US Violating Int. Child Labor Convention

The US joins some of the worst nations of the world in violating international child labor standards:

In an unusual development, the Committee of Experts of the UN's International Labor Organization (ILO) has found the United States Government to be in violation of Convention 182. Convention 182, the newest "core" convention of the ILO, calls for the prohibition and elimination of the "worst forms" of child labor.
How is the US violating the Convention? By allowing children to work in hazardous conditions:
In keeping with the convention, the FLSA bans employment in hazardous occupations and work activities for persons under 18 years old. However, it runs afoul of the convention, in part, with permissive rules that apply to child labor in hazardous agricultural occupations, including a lower minimum age of 16.
Also, because the federal minimum wage- the Fair Labor Standards Act (FLSA)- is the main enforcement tool against child labor, the fact that much of agriculture is exempted from FLSA means that many children end up working in US fields, with injury and death uncomfortably common:
In a significant caveat, NIOSH referred to the FLSA exemptions for agricultural work, noting that its study "does not address statutory issues such as minimum age for work in HOs and exemptions from the FLSA … Many deaths and serious injuries occur among youth not covered by the FLSA."
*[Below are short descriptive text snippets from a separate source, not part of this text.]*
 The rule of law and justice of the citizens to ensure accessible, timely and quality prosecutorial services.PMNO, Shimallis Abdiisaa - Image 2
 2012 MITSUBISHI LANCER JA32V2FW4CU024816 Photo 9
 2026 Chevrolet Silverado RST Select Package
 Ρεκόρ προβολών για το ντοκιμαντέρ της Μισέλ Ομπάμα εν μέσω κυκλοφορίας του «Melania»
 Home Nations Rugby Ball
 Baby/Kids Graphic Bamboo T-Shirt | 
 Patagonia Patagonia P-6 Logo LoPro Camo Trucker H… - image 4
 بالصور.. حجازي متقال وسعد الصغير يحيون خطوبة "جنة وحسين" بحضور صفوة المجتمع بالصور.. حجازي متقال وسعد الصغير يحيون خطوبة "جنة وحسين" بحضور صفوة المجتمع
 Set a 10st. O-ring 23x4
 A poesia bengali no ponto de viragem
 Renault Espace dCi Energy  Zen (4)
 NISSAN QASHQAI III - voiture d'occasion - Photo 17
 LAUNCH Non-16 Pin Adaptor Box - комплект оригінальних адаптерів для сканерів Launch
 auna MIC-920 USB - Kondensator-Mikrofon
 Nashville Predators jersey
The report states: "Thirty-five percent of the young workers killed over the 1992-1997 period lost their lives in agricultural production jobs … Youth 15 to 17 years of age working in agriculture appeared to have over four times the risk for fatal injury of youth workers in other industries … Changes to HOs could not be expected to impact these young worker injury deaths since they are exempt from the FLSA."

It's worth understanding that this is not an oversight. The US government is deliberately violating international law in the field of agriculture, something acknowledged when the Child Labor Convention was approved in the Senate:
The U.S. Senate saw the problem coming from the outset and qualified its 1999 ratification with an "understanding" that, in its view, Convention 182 was not intended "to lead to a change in the agricultural employment provisions or any other provision of the Fair Labor Standards Act in the United States." Since reservations to ILO conventions are inadmissible, however, the Senate's legal gimmick for securing a politically cost-free ratification failed to fend off the committee's scrutiny.

The Bush administration, it seems, now intends to ignore the ILO’s determination of U.S. noncompliance with the convention, while keeping it out of the public discourse.

Killing children in violation of international law- it's not just for third world dictators.